The morning, I think, is best
for revealing them all.

12 thoughts on “Ablutions

  1. It’s that last darn word “all” that dropped me from the spell of the rest of the poem. Or maybe the last 2 words – I don’t know…
    The whole rest of the poem is lovely

  2. vivinfrance says:

    Joseph, this is the best poem of yours that I have read. Please may I save it for re-reading? I’d love to hear you reading it aloud.

  3. vivinfrance says:

    PS,Sorry, but I don’t like the title – it makes me think of military service!

  4. vivinfrance says:

    PPS did you consider putting the “and” at the beginning of the third line? I was always taught not to finish a line with a ‘weak’ word.

  5. Your poem is as lovely as the painting.

    I did this prompt as well, but it decided to go off in it’s own direction. (my poems like to do that– perhaps they need shorter leashes.)

  6. joanbarrettroberts says:

    Joseph, I love this writing! The art work, your writing notes, and insights and then to top it all off — your lovely words all in a poem!
    Wonderful, thank you!

  7. A lovely companion poem for that image.

  8. brian miller says:

    smiles…it is a rather enchanting piece…and i think we should treasure certain things…would agree with viv on putting hte and down to start the next line…i like your thoughts on the fish hooks as well…it does, just that…

  9. kelly says:

    i love it… and I think you are right about the morning light. and i actually love the title.

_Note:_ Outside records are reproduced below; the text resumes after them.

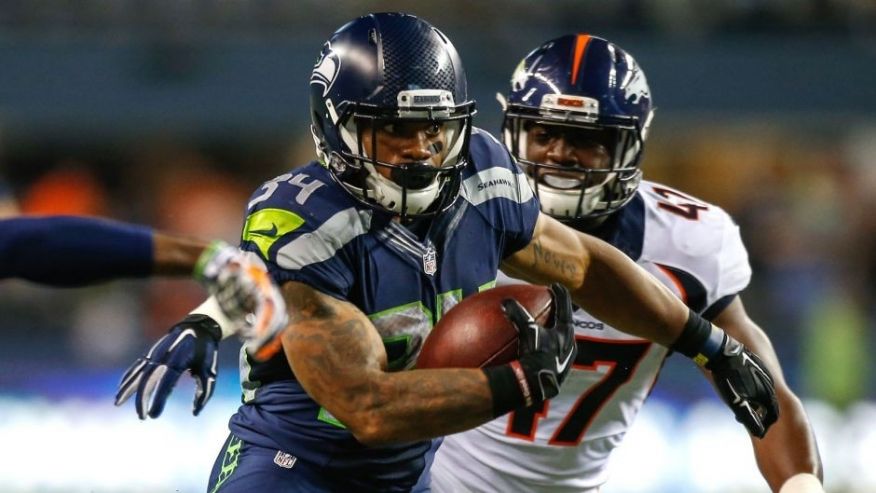 SEATTLE WA- AUGUST 14 Running back Thomas Rawls #34 of the Seattle Seahawks rushes for a touchdown in the fourth quarter against the Denver Broncos at Century Link Field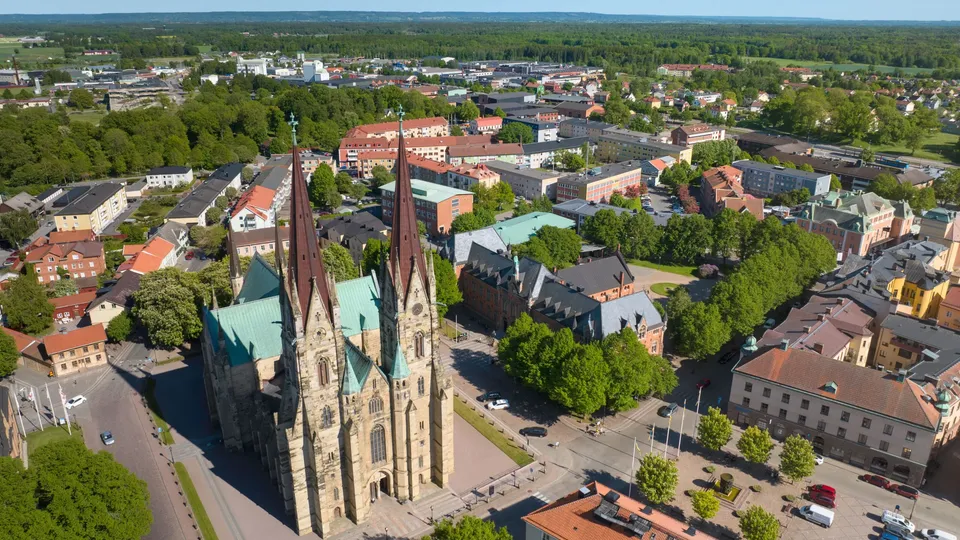 Utsikt över en stad som är omgiven av skog, med en kyrka i förgrunden.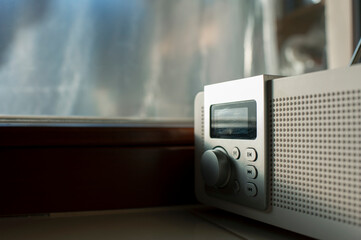 Alarm clock radio with the early hour on the windowsill display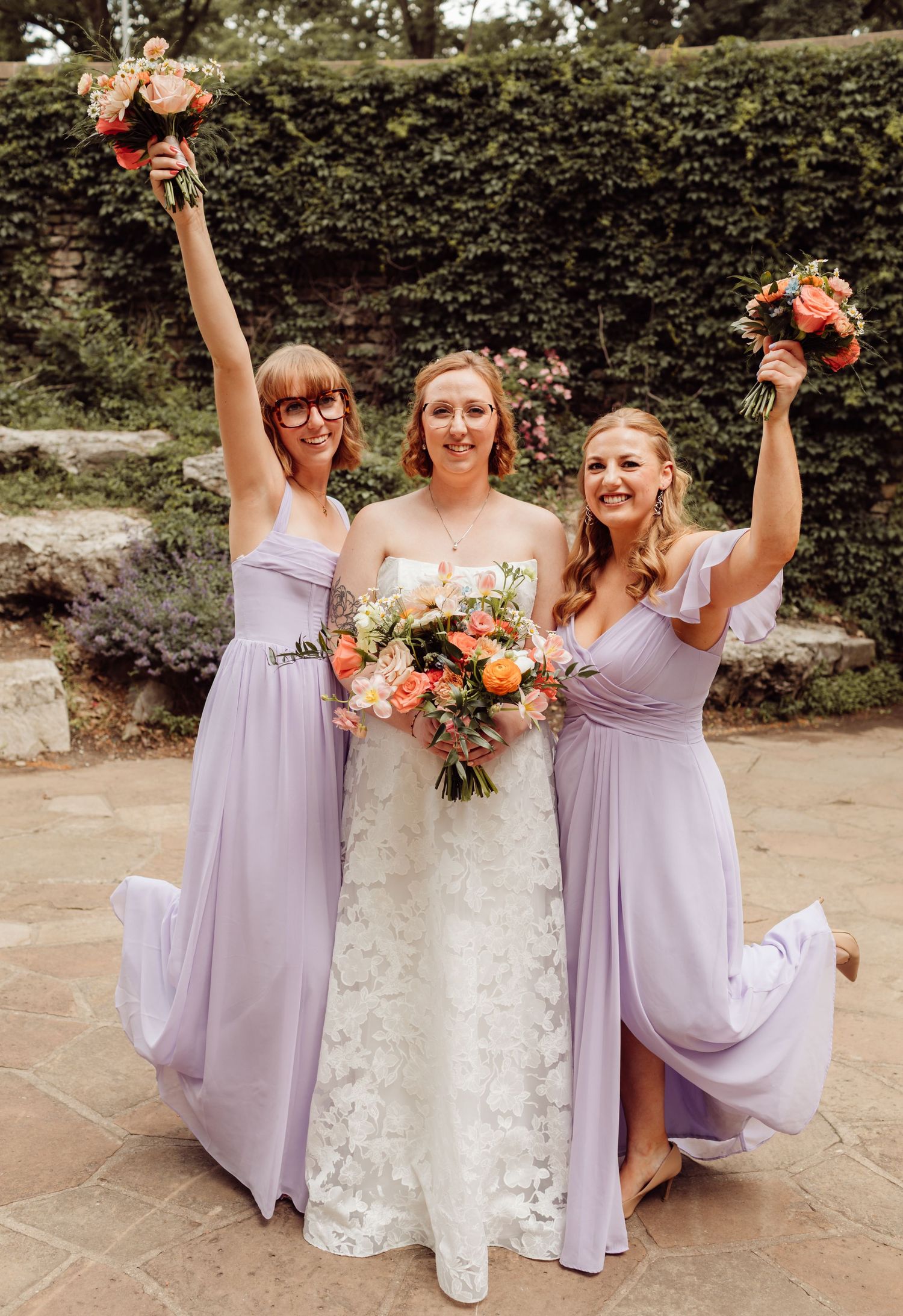 Bride in lace gown poses with two bridesmaids in lavender dresses raising bouquets outdoors.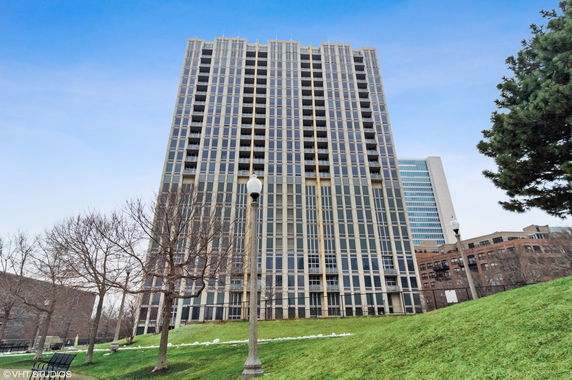 Front view of a tall residential building with multiple balconies.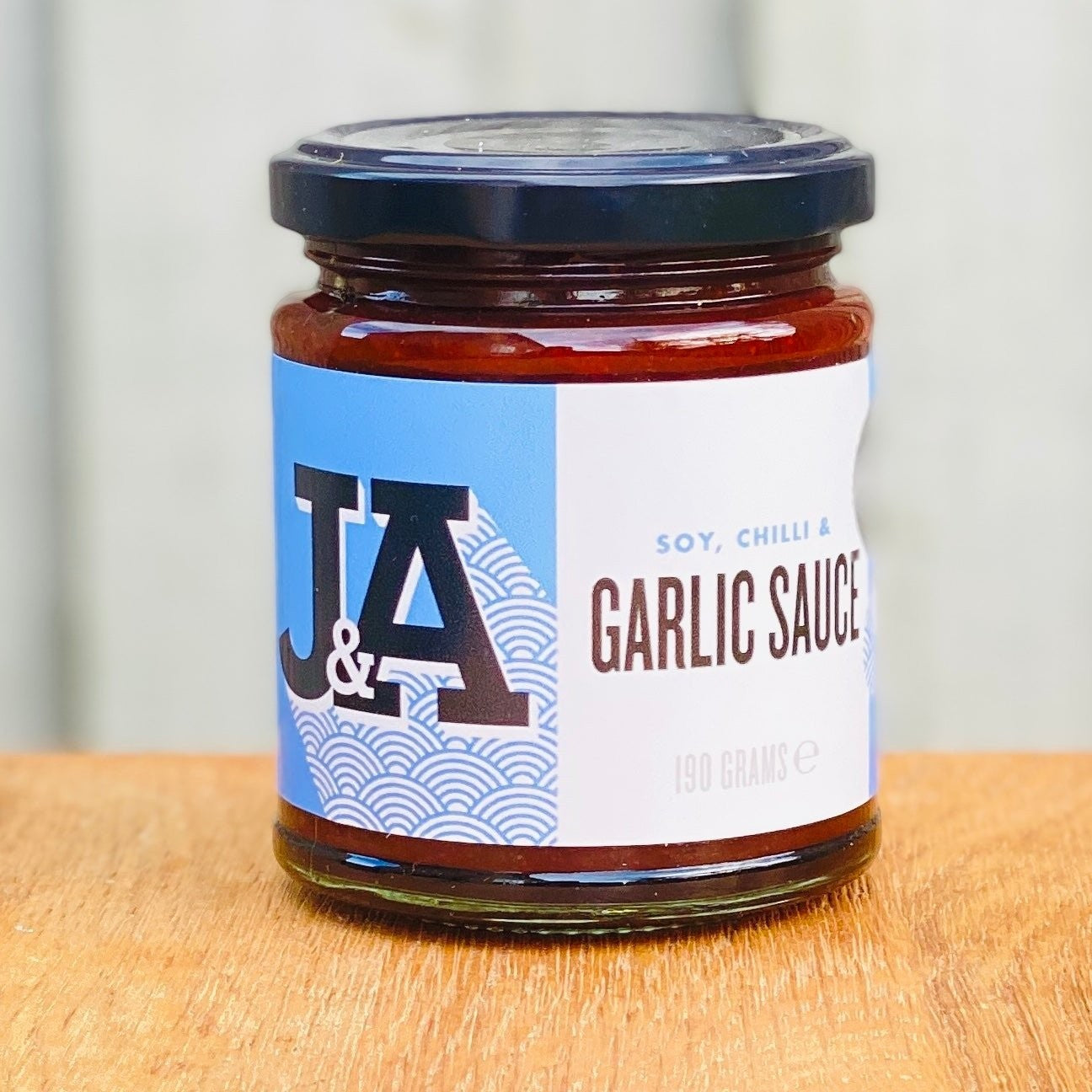 Janda Food Soy, Chilli and Garlic Sauce in a glass jar with a blue and white label on a wooden surface.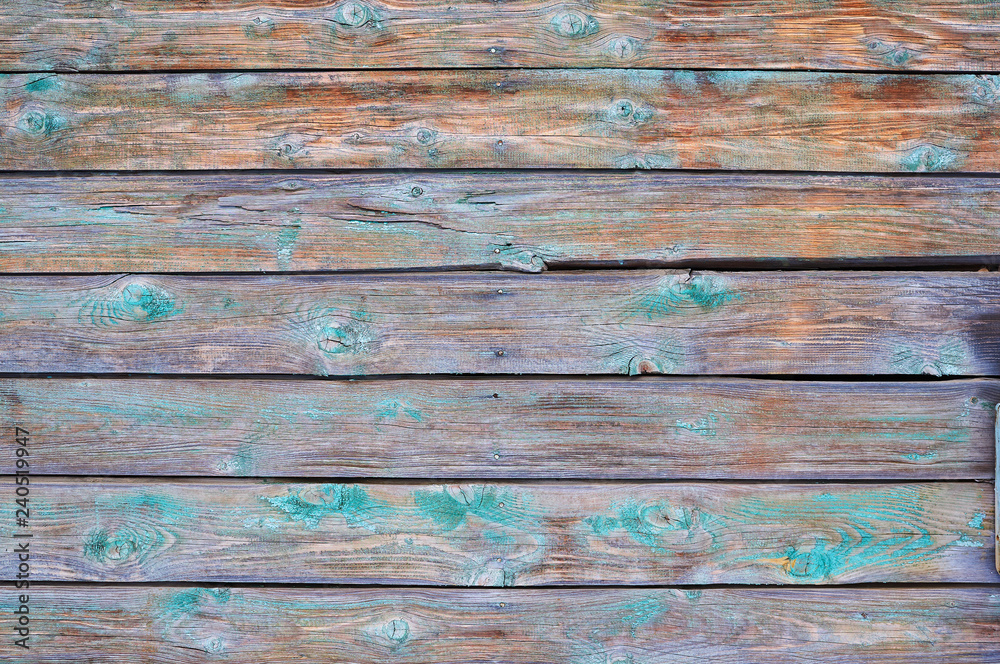 Old wooden painted green shield with cracks and scratches. Old wooden painted green shield with cracks and scratches.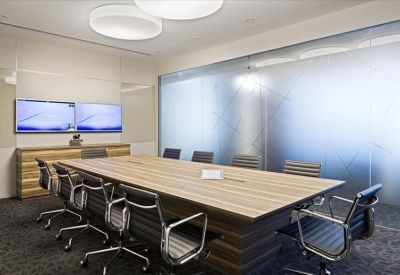 Modern conference room featuring a large wood-topped table and frosted glass wall partitions.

  10. Oh how we do take the sacred for granted. This is a lovely, brief piece that focuses on gifts and blessings and emphasizes that those with the eyes to see, will.

  11. Dhyan says:

    wonderful Joseph,

    but I think it is dawn that fits best for that..

  12. Irene says:

    Love its simplicity, which held the reader spellbound. Hmmm…brevity is nice and I must try it more often.